# Yelp: Reviews Data Processing

*By Daniel Deutsch, José Lucas Barretto, Lucas Miguel Agrizzi, Kevin Kuhl.*

In [1]:
import os
import ast
import pandas as pd

from pandas.io.json import json_normalize

In [2]:
# Constants
URL_DEFAULT_IMG = "https://s3-media0.fl.yelpcdn.com/assets/srv0/yelp_styleguide/514f6997a318/assets/img/default_avatars/user_60_square.png"

In [3]:
df = pd.DataFrame()
for filename in [filename for filename in os.listdir("./../datasets/raw_reviews") if filename.endswith(".csv.zip")]:
    df = pd.concat([df, pd.read_csv(f"./../datasets/raw_reviews/{filename}", index_col=0)], ignore_index=True)

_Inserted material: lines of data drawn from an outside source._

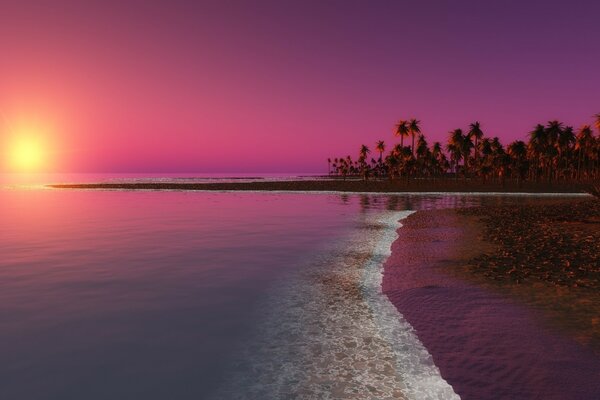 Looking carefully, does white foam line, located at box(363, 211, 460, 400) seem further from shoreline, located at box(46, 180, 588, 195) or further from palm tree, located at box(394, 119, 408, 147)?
palm tree, located at box(394, 119, 408, 147)

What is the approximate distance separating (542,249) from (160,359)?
16.2 m

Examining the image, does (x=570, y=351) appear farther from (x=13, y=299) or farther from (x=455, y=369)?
(x=13, y=299)

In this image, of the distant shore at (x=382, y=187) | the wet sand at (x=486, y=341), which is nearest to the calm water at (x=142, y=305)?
the wet sand at (x=486, y=341)

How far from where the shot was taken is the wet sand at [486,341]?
716 cm

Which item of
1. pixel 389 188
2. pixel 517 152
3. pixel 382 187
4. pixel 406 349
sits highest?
pixel 517 152

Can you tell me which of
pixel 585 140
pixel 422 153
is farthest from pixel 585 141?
pixel 422 153

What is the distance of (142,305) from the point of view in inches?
486

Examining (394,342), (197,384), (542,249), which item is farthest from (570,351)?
(542,249)

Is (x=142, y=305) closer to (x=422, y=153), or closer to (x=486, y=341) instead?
(x=486, y=341)

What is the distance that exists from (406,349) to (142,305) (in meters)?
7.40

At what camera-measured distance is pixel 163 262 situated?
1844 centimetres

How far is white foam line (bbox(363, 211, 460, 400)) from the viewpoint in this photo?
7211mm

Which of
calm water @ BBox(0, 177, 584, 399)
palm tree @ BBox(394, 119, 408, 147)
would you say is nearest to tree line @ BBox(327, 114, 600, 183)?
palm tree @ BBox(394, 119, 408, 147)

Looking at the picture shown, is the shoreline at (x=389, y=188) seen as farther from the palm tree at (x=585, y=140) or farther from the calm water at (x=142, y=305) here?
the calm water at (x=142, y=305) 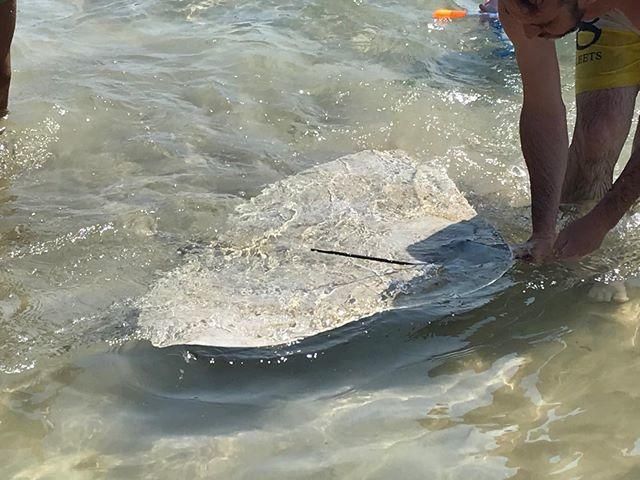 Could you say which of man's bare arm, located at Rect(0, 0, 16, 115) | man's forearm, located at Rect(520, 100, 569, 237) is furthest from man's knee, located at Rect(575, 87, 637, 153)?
man's bare arm, located at Rect(0, 0, 16, 115)

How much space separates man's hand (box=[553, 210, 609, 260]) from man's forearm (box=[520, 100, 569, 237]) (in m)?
0.28

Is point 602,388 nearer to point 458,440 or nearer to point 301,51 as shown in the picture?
point 458,440

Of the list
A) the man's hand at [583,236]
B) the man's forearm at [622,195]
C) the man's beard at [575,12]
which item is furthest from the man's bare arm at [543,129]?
the man's beard at [575,12]

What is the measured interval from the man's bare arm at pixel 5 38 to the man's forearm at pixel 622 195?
3.64 metres

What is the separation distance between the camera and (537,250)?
3.12 metres

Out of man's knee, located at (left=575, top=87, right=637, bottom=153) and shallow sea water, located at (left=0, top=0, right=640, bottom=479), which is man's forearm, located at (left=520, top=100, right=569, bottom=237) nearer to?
shallow sea water, located at (left=0, top=0, right=640, bottom=479)

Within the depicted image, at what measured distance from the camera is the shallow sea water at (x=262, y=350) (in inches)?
95.0

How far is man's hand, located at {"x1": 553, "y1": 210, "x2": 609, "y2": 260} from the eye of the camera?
286 cm

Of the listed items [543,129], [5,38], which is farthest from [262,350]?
[5,38]

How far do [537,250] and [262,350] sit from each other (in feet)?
3.89

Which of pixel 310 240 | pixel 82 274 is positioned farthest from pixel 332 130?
pixel 82 274

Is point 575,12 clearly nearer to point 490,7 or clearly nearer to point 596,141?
point 596,141

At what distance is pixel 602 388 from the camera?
8.68 feet

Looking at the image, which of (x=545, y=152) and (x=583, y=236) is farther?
(x=545, y=152)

### Flatten Important Attributes

Some of the columns are a json string with important values, it is convenient to create a column for each one of these attributes

In [4]:
df = df.join(json_normalize(df["business"].map(ast.literal_eval).tolist()).add_prefix("business."))
df = df.join(json_normalize(df["comment"].map(ast.literal_eval).tolist()).add_prefix("comment."))
df = df.join(json_normalize(df["user"].map(ast.literal_eval).tolist()).add_prefix("user."))

  df = df.join(json_normalize(df["business"].map(ast.literal_eval).tolist()).add_prefix("business."))
  df = df.join(json_normalize(df["comment"].map(ast.literal_eval).tolist()).add_prefix("comment."))
  df = df.join(json_normalize(df["user"].map(ast.literal_eval).tolist()).add_prefix("user."))


### Creating has_img from user.src

In [5]:
df["has_img"] = df["user.src"].apply(lambda attr: attr != URL_DEFAULT_IMG)

### Drop Unnecessary Columns

Some of the columns in the dataframe aren't meaningful for our analysis, so we don't have to keep them.

In [6]:
df.drop(["business", "business.id", "business.name", "business.photoSrc", "comment", "user", "feedback",
         "user.altText", "user.eliteYear", "user.link", "user.markupDisplayName", "user.partnerAlias",
         "user.photoCount", "user.src", "user.srcSet", "user.userUrl", "photosUrl", "localizedDateVisited",
         "businessOwnerReplies", "userId", "previousReviews", "lightboxMediaItems", "photos", "tags", 
         "isUpdated", "appreciatedBy", "id"],
        axis=1, inplace=True)

df = df.rename(columns={'localizedDate': 'date'})

### Save the Dataframe

Saves the obtained dataframe

In [7]:
df.to_csv("./../datasets/proc_reviews/proc_reviews.csv.zip")